La Commission de l’Assemblée nationale aura la responsabilité de bien comprendre la dimension réelle des actions étasuniennes, et au-delà, elle devra établir des responsabilités politiques et pénales pour les dommages causés tant aux personnes directement affectées qu’à tout un peuple auquel des hommes politiques vendus ont imposé la présence d’une base militaire étrangère. La Commission va aussi devoir appeler à comparaître ceux qui ont rendu possible la signature de la convention. Enfin, quand tout ce travail aura été achevé, elle devra présenter un rapport [4] au président Rafael Correa pour que celui-ci transforme les conclusions en actes. C’est ce qu’attendent toutes les Équatoriennes et les Équatoriens qui défendent la paix, et l’ensemble des organisations qui cherchent à construire un monde sans armes et sans actions militaires.
La Fondation régionale de conseil en droits humains (INREDH Équateur) et la Coalition pas de bases en Équateur suivront de près le processus d’avancement de l’audience et mettront en place des actions massives ainsi qu’une cérémonie d’adieux aux troupes étrangères. Ces actions se dérouleront dans le cadre d’une campagne nationale que nous avons appelée « Yucshi Yanki Forever », et qui sera accompagnée de concerts, de forums et de la remise en état d’un bateau qui se trouve sur la plage de Tarqui, à Manta.
Article publié en espagnol par la Fondation régionale de conseil en droits humains (INREDH - Équateur) : « El extraño inquilino se va de Manta : ¿Cuál es el saldo que deja la Base Militar Norteamericana en sus 10 años en Manta ? ».

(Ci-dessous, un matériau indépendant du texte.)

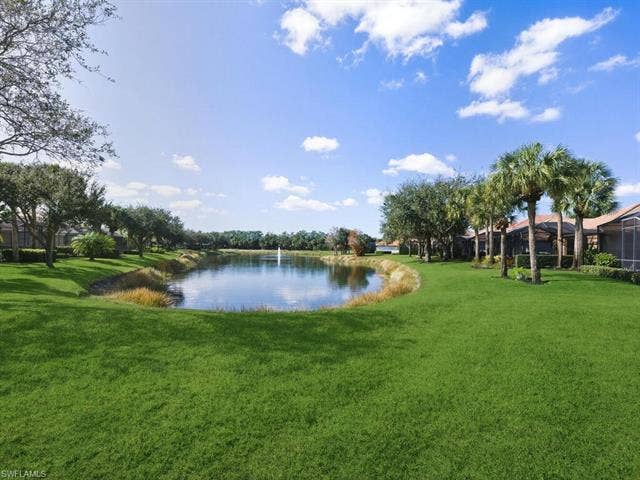 10000 Isola Way, Miromar Lakes, FL 33913 View from Lanai.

Traduit et publié en français par Info Sud télé.
[1] Depuis la publication en espagnol de cet article, les militaires étasuniens ont commencé à se retirer de la base aérienne Eloy Alfaro – NDT.

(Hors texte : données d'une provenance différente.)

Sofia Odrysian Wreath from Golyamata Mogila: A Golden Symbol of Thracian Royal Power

[2] Au début des années 2000, l’Équateur a connu une vague d’émigration massive. Les nombreux migrants qui tentaient de rejoindre les États-Unis de façon illégale l’ont souvent fait dans des embarcations qui partaient de Manta. Les militaires équatoriens et ceux du FOL ont accru les contrôles en mer afin d’empêcher ces départs, et les autorités ont publié des interdictions de sortie en mer pour les bateaux qui se livraient à ce trafic humain. Mais ces contrôles ont aussi donné lieu à des abus, à des réglages de compte et à une importante corruption, qui ont conduit les autorités à interdire la circulation d’embarcations n’ayant jamais participé à ce business mafieux – NDT.
[3] Le 15 janvier 2007, Guadalupe Larriva était nommée ministre de la défense du premier gouvernement de Rafael Correa. Le 24 janvier, elle décédait lors d’un vol d’entraînement de nuit des militaires équatoriens auquel elle avait voulu participer, depuis la base aérienne Eloy Alfaro de Manta. Les circonstances de l’accident n’ont pas été élucidées. Le 22 janvier, elle avait annoncé que l’Équateur ne renouvellerait pas la convention qui autorisait les militaires étasuniens à stationner et à mener des opérations depuis la base aérienne de Manta – NDT.
[4] Ce rapport devait être remis le 15 juillet 2009 au président Rafael Correa par la Commission des relations internationales et de la sécurité publique de l’Assemblée nationale.